The meeting of ILO European Directors will take place this year in Rome, at a time when our Organization is reflecting on new perspectives for the future. Our Director General has quite rightly pointed out that United Nations reform demands parallel initiatives within the multilateral system, at country level, in the donor countries system, and, above all, while building synergy and integration among United Nations system agencies.

The ILO has already followed this strategy by signing an agreement with the UNDP last February, in accordance with the “delivering as one” model advocated in the report by the high-level panel on United Nations system-wide coherence, published in 2006. Several other initiatives, taken even before 2006, follow the same line, for instance the ILO-FAO agreement.

In this context, I would recall the importance of the United Nations agricultural pole in Rome, which comprises the FAO, IFAD and the WFP, considering that these United Nations institutions might become valuable interlocutors in setting up Decent Work Country Programmes.
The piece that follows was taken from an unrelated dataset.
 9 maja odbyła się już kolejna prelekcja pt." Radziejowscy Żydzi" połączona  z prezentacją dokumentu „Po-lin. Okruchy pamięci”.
The synergy and strategic integration called for by the reform of the United Nations system should also work at our own level and help to achieve a common dimension in the action of our European offices within a more European perspective.

In this regard, the future of the International Training Centre in Turin, a centre of excellence for training, highly appreciated by the Italian authorities, as acknowledged by the Italian President during his visit to the Centre in October 2006, deserves great attention from our European offices and a strong commitment to improving the training capacity of the ILO and of the whole United Nations system.

This year, as in previous years, the agenda fixed by our Director Friedrich Buttler, will include a discussion of the priorities indicated by the Presidency of the EU. Successive EU Presidencies have converged more and more on a certain number of core issues. This is why the Italian Labour Minister devoted his contribution to “fle­xicurity”, an issue which is gaining relevance in the Eu­ropean debate on employment, and to the need for single States to adopt better harmonized measures in favour of decent work, measures that would reconcile the demands of the market with the protection of individual rights.